Reklama

"Przyjaciele" nie powrócą

Courteney Cox jest zaskoczona ostatnimi doniesieniami na temat kontynuacji losów bohaterów serialu "Przyjaciele" na dużym ekranie i twierdzi, że nic jej nie wiadomo o takich planach.

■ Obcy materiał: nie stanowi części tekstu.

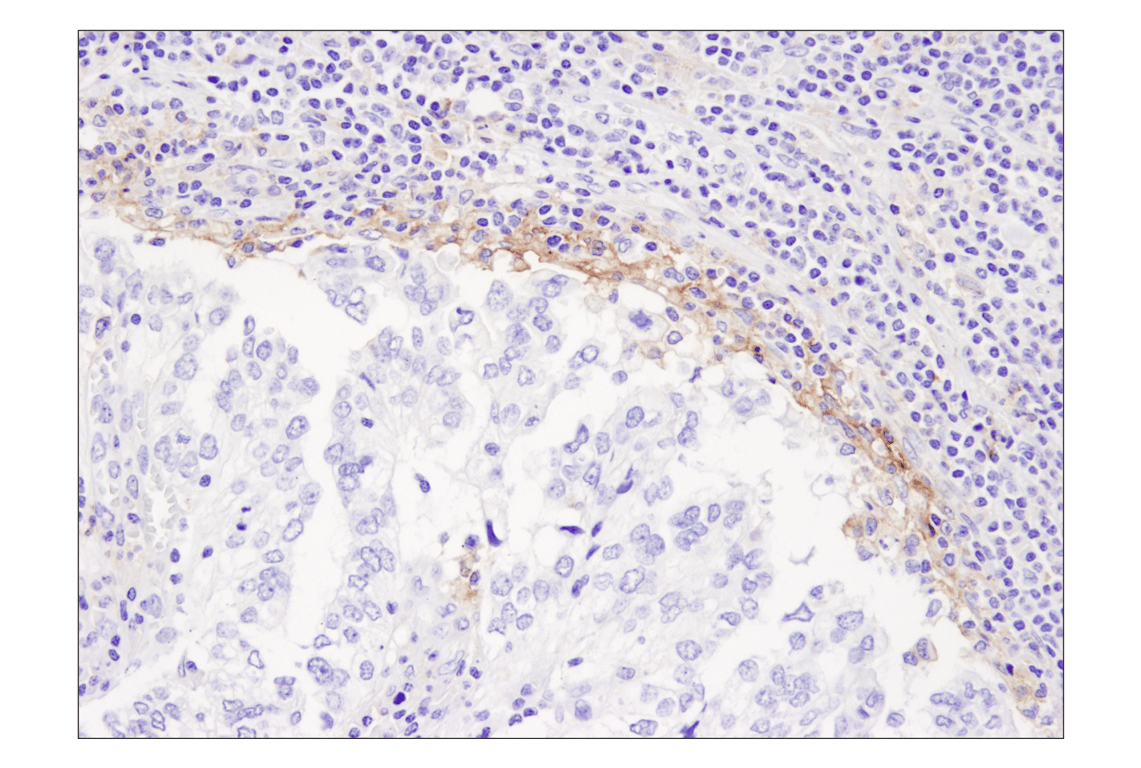Immunohistochemistry Image 5: PD-L1 (405.9A11) Mouse Monoclonal Antibody (BSA and Azide Free)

Spekulacje na temat powstania filmowej wersji "Przyjaciół" nie cichną od 2004 roku, kiedy po 10 sezonach zakończono zdjęcia do tego serialu. Ostatnio podsycił je jeden z członków obsady tego sitcomu - James Michael Tyler, który ogłosił, że szóstka serialowych znajomych wkrótce powróci na dużym ekranie.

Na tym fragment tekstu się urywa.